▸ Provided material
=== Begin Enclosure ===
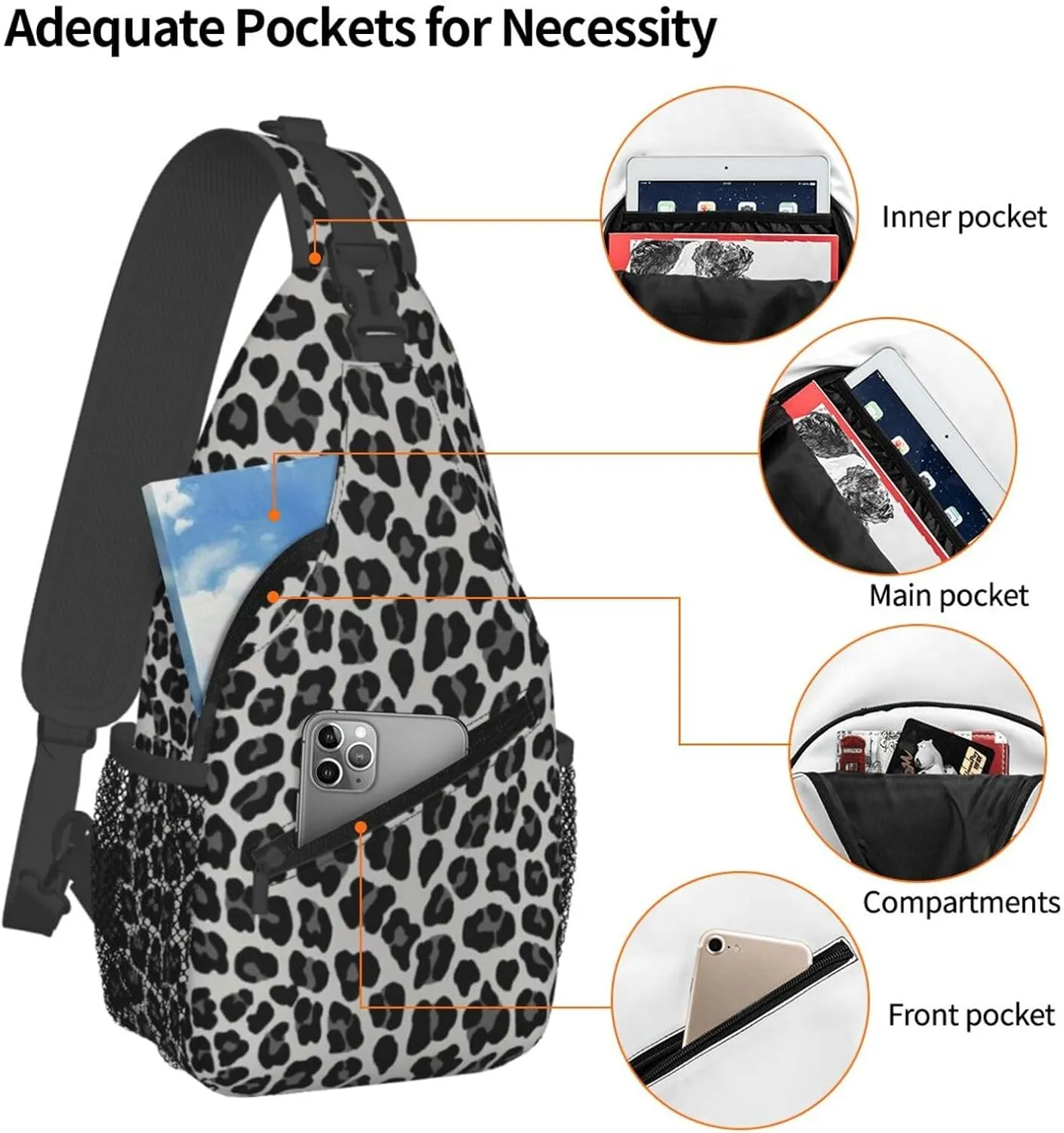 Mexican Colorful Pigeons Pheasant Sling Bag Adjustable Crossbody Bag Casual Chest Bags Travel Shoulder Backpack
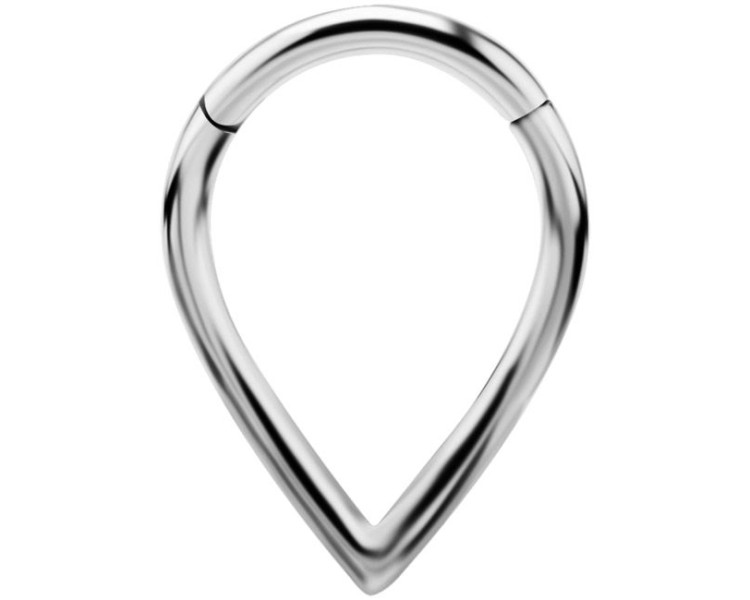 SS 316 PLAIN V SHAPED CLICKER 1,2x8mm SS 316 PLAIN V SHAPED CLICKER 1,2x8mm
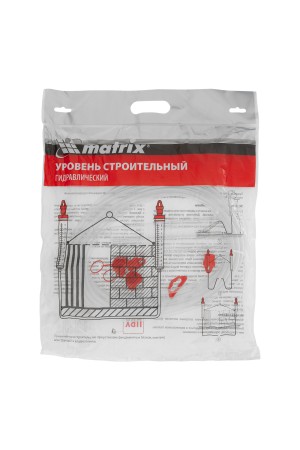 Гидроуровень,удлиненная колба, рельефная градуировка, 7м Matrix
=== End Enclosure ===
▸ What the exercise asks
Would you output the data above exactly as written, but with no images?

▸ Task solution
 Mexican Colorful Pigeons Pheasant Sling Bag Adjustable Crossbody Bag Casual Chest Bags Travel Shoulder Backpack
 SS 316 PLAIN V SHAPED CLICKER 1,2x8mm SS 316 PLAIN V SHAPED CLICKER 1,2x8mm
 Гидроуровень,удлиненная колба, рельефная градуировка, 7м Matrix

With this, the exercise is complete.